Were all of the possibilities presented to those voters? How many fans are even aware of the concept, what it entails and what it can provide?

It stands to reason then that a conservative estimate of our regular fan-base would be somewhere around 60-70k, and I truly do believe I’m being very conservative there. What do they want? That’s the real question.

Of course, the difficulty arises in convincing the owners that this is a good idea. After all, they’ve spent vast amounts of their own money to secure their shares in a promising business interest, and so why would they happily hand over even a small degree of control to “us”? They simply don’t have to.

But this isn’t a conversation about what we can be given, it’s a conversation about what we can make for ourselves. Attaining anything of true value is only achieved by fighting for it.

Sunderland v Chelsea - Premier League Photo by Tony Marshall/Getty Images

If a supporters group were to sit down with Martin Bain and Ellis Short two years ago they would have been entering a hostile environment, there is no denying that. If the same group sat down with Stewart Donald and Charlie Methven, I like to think they could be assured that the owners would seriously consider the effectiveness and viability of such a move without instantly dismissing it.

In the end all we can do is have the discussion, but for how long will we have that opportunity? What guarantees are there going forward that the conversation could even take place a year from now?

If your memory stretches back farther than one year I’m sure you’ll agree that there are none. When ownership changes hands anything can happen, and we won’t necessarily have the freedom of expression and confidence in the willingness to listen that Stewart Donald and co. have so recently given us.
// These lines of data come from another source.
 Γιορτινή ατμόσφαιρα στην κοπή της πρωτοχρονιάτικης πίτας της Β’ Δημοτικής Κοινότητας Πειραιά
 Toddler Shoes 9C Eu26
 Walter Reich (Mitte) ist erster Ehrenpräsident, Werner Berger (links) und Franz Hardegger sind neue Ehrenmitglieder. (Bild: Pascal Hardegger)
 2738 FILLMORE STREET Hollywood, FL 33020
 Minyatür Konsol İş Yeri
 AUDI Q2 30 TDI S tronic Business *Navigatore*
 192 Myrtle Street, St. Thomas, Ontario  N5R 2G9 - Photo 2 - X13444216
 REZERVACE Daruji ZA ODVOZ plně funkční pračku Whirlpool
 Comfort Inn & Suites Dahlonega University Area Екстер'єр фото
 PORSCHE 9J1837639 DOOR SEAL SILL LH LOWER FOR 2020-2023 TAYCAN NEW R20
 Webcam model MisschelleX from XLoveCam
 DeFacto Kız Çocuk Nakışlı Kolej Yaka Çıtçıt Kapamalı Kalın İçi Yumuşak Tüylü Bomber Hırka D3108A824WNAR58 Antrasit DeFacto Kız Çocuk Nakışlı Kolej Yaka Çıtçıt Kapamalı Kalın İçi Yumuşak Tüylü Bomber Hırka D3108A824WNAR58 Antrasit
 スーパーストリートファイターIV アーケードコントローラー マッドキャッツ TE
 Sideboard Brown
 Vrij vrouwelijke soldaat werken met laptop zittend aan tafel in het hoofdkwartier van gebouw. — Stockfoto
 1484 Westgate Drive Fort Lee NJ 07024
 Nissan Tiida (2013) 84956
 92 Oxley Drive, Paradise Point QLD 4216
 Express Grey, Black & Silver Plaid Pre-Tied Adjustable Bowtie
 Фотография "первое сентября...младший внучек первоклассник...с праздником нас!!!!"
Will it work? I don’t know. A lot of planning and organisation would need to go in to such an epic endeavour, and no doubt there would be obstacles in all aspects that would need to be surmounted.

Again though, that isn’t the point when we have the opportunity to try to better our lot and immerse ourselves in the world of Sunderland AFC in a way previously unknown to any Lads fan that has come before us.

We can try to do what hasn’t been done; we can try to create something. That’s all any of us can hope to do but in the end, win or lose, it’s worth a try.

In my opinion this is something we need to strongly consider before the landscape changes and the opportunity is lost forever. What do you think?